A large number of program participants use the center to find part-time work and have other jobs. Pacheco takes day laborer jobs in the mornings and also works part time at a restaurant during the evening. Often laborers can get part time jobs working through the program. Francisco Galindo, 44, turned a one day gig into a part-time job, where he works three days a week.

Pacheco and his family haven’t always lived paycheck to paycheck. Before moving to San Francisco three years ago, he and his family lived in Nicaragua. Both he and his wife have Bachelor of Arts degrees from universities there and Pacheco had a good job working as an electrical engineer. Then the situation took a turn for the worst. Pacheco was laid off due to old age (he’s only 50 now) to make room for the youngsters taking his job for lower pay, a practice Pacheco’s wife says is commonplace in Nicaragua.

“The economic situation is really bad there,” Maura explains. “Thank God we are here. We don’t have a lot of money but we have a roof over our heads and food to eat.”

Many day laborers specialize in a particular field. Pacheco and fellow program participant Nestor Magana’s expertise is construction. Magana is particularly skilled in working with sheet rock – training he picked up while fixing old buildings for Section Eight, an affordable housing program run by the San Francisco Housing Authority. Now he works as a coordinator for the program, training people how to work with sheet rock.

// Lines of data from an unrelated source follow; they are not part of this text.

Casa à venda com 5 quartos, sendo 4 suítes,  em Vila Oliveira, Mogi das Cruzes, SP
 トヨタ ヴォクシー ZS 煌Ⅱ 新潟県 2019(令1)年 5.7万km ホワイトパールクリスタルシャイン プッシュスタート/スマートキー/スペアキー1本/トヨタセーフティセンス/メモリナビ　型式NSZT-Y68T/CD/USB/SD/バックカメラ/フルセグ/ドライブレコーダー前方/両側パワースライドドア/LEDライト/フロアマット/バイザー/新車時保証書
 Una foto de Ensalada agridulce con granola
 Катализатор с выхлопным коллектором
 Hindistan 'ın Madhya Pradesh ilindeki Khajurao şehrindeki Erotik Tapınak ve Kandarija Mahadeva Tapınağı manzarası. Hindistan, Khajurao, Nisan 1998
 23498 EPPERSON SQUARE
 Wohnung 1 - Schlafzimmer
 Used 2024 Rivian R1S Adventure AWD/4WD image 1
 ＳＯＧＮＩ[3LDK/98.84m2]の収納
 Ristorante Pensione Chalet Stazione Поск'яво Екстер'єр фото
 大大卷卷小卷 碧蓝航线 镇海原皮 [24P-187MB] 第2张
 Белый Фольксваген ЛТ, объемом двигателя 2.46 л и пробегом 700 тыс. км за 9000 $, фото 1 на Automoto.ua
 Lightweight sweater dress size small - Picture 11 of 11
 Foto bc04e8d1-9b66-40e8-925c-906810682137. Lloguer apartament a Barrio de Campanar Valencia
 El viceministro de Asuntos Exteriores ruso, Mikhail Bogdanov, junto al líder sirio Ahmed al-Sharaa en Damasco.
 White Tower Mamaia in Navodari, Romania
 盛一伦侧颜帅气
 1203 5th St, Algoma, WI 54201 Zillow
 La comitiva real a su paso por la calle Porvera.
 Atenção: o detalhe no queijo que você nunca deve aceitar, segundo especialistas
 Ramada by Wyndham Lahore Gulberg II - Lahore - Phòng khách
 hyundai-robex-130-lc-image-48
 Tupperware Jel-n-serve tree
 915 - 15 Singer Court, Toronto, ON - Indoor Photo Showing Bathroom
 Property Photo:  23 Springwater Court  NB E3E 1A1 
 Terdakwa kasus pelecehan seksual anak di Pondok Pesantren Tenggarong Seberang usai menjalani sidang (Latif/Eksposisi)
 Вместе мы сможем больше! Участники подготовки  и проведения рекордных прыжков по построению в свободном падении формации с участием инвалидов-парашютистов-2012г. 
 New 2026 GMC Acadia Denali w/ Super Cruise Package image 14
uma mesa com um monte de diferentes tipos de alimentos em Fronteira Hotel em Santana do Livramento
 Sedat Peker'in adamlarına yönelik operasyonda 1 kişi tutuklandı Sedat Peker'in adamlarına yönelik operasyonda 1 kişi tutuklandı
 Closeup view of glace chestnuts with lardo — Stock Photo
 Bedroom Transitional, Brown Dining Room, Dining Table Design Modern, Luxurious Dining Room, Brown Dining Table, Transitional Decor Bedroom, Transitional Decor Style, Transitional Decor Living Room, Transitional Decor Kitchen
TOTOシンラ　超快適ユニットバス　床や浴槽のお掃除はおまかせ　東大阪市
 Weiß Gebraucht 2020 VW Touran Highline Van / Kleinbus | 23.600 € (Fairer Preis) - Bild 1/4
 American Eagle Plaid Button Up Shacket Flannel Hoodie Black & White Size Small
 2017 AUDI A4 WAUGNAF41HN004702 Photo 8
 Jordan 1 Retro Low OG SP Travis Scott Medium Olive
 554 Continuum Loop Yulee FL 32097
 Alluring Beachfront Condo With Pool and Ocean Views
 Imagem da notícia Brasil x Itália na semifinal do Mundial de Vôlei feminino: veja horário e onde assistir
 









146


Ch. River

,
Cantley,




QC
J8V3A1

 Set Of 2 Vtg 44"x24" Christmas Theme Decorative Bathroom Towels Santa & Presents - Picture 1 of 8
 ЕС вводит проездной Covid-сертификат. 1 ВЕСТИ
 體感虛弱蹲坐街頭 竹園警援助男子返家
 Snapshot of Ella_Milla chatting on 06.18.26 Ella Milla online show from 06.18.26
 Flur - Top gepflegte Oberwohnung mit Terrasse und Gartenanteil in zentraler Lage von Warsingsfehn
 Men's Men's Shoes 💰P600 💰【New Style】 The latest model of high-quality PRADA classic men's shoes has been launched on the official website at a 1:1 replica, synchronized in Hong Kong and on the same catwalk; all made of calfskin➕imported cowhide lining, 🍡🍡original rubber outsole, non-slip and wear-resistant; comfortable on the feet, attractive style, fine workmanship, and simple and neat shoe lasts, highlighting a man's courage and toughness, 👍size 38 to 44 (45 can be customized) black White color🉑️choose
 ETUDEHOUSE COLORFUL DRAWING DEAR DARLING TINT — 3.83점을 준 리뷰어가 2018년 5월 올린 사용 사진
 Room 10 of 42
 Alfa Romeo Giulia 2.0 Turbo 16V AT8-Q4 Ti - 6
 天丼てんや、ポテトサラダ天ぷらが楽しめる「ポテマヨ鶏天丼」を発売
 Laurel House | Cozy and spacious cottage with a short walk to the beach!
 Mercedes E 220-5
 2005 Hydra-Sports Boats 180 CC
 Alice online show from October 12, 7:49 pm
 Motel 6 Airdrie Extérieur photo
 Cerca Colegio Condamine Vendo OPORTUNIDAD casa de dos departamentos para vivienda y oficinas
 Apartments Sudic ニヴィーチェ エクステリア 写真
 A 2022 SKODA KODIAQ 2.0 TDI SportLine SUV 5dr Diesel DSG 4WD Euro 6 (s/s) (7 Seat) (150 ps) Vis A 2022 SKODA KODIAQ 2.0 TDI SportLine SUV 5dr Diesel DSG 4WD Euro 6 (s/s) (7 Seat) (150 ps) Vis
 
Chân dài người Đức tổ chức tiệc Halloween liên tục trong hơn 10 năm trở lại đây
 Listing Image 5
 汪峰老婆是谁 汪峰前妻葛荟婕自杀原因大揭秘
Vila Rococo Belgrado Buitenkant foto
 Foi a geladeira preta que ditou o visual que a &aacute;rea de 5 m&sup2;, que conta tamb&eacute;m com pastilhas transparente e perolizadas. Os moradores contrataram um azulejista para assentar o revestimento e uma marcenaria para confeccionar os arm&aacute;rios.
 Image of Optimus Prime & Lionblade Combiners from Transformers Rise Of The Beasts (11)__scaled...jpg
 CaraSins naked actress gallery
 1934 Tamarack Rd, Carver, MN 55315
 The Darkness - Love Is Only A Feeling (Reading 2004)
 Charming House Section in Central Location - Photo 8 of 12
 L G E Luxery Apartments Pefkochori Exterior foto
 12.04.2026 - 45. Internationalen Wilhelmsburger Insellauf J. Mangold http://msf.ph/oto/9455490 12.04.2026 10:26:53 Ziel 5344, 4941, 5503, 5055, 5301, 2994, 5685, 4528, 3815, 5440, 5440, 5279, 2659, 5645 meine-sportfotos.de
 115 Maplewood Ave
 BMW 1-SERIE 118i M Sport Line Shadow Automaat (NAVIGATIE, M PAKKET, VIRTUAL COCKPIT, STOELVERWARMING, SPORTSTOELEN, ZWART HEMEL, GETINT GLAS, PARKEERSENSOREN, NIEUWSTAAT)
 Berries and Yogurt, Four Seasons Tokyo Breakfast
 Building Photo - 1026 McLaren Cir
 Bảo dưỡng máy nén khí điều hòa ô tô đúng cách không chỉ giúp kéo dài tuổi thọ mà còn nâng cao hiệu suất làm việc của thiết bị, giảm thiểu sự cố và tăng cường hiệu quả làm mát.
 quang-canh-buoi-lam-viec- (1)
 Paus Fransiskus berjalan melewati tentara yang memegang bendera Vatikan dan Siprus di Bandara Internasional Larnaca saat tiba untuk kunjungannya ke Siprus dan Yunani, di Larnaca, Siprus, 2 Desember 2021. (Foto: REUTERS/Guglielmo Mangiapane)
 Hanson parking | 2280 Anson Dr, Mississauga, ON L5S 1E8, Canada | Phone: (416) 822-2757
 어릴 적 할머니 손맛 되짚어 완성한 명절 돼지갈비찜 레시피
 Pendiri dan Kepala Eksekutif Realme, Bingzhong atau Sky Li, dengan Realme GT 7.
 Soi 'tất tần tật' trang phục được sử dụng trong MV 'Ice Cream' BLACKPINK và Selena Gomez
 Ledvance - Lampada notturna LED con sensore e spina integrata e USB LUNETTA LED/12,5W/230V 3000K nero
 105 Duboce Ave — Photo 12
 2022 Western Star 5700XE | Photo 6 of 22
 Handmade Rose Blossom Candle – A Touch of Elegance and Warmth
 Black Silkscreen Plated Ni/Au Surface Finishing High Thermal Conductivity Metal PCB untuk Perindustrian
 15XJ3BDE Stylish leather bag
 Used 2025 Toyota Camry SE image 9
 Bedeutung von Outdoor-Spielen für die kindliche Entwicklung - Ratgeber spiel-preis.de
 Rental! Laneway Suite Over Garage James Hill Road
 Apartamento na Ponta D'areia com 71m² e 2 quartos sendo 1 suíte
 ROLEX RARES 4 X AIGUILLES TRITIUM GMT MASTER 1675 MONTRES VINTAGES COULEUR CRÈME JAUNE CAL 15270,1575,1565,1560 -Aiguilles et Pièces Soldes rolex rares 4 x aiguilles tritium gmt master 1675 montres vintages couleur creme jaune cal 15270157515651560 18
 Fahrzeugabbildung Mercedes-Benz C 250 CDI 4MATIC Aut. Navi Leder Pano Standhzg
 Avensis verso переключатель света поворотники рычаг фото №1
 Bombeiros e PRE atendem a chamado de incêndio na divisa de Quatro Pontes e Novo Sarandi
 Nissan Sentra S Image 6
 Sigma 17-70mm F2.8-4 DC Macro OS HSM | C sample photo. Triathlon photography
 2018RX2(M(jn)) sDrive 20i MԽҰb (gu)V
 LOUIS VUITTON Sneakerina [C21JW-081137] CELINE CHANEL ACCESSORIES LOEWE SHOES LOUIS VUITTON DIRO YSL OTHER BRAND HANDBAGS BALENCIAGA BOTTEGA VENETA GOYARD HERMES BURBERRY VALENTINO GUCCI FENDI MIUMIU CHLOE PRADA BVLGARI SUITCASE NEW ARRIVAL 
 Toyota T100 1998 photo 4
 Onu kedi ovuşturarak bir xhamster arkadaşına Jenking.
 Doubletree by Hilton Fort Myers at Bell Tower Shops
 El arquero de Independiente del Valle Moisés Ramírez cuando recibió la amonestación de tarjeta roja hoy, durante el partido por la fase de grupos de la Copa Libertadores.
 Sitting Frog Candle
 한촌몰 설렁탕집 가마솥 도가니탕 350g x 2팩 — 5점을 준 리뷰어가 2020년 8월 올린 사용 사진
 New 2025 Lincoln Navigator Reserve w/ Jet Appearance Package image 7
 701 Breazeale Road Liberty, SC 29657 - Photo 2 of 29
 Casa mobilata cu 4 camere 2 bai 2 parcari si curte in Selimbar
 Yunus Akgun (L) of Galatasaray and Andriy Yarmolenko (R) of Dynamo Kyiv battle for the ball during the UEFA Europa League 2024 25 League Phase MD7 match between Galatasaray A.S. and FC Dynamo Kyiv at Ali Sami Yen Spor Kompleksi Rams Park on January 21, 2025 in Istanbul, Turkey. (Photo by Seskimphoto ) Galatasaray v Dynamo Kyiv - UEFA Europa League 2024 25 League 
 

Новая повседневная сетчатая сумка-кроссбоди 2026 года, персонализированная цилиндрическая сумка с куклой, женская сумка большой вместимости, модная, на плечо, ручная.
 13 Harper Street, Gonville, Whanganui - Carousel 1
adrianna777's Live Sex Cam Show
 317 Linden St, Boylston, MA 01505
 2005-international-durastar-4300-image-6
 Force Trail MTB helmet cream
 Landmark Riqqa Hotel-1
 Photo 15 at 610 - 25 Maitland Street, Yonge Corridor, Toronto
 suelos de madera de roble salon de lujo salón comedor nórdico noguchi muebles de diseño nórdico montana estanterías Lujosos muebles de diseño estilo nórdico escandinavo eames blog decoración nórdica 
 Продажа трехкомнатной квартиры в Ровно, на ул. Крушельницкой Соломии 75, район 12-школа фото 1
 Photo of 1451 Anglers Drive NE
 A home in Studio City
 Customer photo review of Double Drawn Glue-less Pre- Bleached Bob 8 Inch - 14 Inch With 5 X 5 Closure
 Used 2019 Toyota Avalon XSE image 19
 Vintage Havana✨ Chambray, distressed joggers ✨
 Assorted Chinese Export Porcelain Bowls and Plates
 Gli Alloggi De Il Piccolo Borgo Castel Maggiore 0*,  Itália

“People think that we (laborers) don’t have any skills, but that is not true,” Pacheco asserts. “We like this type of work and we have experience. This is our job. Papers or no papers.”

Day laborers often suffer some form of abuse – ranging from unpaid wages to inhumane working conditions. In the two months prior to being surveyed, nearly half of the laborers experienced at least one instance of wage theft. Forty-four percent were denied food and water breaks. One in five suffered work related injuries. In addition to the listed findings, workers also reported being insulted, arrested, and cited by police while searching for employment.

Aguirre says at their location in the Mission, even though the area is really diverse, they still receive complaints from neighbors. They don’t like the laborers loitering outside on the sidewalk, even though it’s public property. He says he receives a call almost daily from one woman who resents the program and it’s visibility.


“White people don’t really like us gathering around here,” says Pacheco. “We’ve got Latinos, African Americans, Asians – lots of minorities living here [in the Mission district] and they don’t mind. But I think it really bothers [the white population].”

There’s a sense of community at the center after being bombarded not only by the neighborhood complaints but by national legislation. New bills in the Senate could wipe out the hope for better jobs or worse – making it a felony to hire day laborers.

“We’re so worried about that because we don’t know what will happen,” Maura says. “They’re trying to criminalize people that come to this country and work. We’re just trying to survive. We’re not doing anything wrong.”